Nombreux pays sont confrontés aux mêmes problèmes que le Nigeria. Mais dans le rapport de la compagnie britannique d’analyse des performances de l’économie mondiale, GlobalData baptisé « Refining Industry Outlook in Africa to 2024″, elle a souligné que « la capacité de raffinage en Afrique devrait augmenter d’environ 55 % d’ici 2024. La capacité de traitement passera ainsi de 3,7 millions de barils par jour en 2020 à 5,8 millions de barils par jour en 2024 ».Le Nigeria lui seul contribuera à « hauteur de 71% à la croissance, soit 1,5 million de barils par jour de plus que la capacité actuelle de raffinage du pays », lit-on dans le document. Cette performance sera réalisée grâce au projet Lagos I, kwa Ibom III et Mashi.
Derrière le Nigeria, GlobalData cite l’Algérie qui va booster la capacité de raffinage du continent à « hauteur de 15% sur les quatre prochaines années. Les raffineries d’Hassi Messaoud III, Biskra et Tiaretauront « une capacité de 110 000 barils par jour pour la première et de 100 000 barils par jour pour chacune des deux autres ».

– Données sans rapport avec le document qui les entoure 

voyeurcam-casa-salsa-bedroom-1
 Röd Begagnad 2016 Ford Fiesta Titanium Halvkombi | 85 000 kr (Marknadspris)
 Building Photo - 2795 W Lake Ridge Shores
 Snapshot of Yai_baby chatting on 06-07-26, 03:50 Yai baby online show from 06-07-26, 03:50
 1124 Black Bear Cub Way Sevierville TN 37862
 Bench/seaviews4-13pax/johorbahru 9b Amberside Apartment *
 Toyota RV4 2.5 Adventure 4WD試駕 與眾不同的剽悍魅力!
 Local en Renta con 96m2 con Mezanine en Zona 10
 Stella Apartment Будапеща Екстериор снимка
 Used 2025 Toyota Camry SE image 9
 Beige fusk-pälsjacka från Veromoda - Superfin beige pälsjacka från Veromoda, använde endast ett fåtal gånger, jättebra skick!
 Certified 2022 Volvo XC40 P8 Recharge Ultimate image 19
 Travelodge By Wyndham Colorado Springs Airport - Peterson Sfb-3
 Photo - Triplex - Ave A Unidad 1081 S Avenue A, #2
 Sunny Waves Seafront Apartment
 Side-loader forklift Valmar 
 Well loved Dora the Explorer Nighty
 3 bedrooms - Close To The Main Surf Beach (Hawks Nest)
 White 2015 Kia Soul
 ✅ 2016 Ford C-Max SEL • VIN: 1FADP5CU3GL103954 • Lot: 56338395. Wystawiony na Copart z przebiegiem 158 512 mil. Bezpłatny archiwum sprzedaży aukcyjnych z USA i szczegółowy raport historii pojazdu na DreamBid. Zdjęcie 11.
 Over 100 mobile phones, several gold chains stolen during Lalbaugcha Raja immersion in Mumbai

Enfin, l’Egypte avec« environ 100.000 barils par jour », grâce à la raffinerie Assiut II, et à l’extension des raffineries d’Alexandrie et de Mostorod II.
La construction de raffineries sur le continent est indispensable pour tout le continent pour traiter tout sont potentiel pétrolifère. Cela met l’Afrique à l’abri de pénuries et permet au continent d’économiser l’argent dépensé pour le raffinage. Cette enveloppe pourrait être réorientée dans les secteurs sociaux.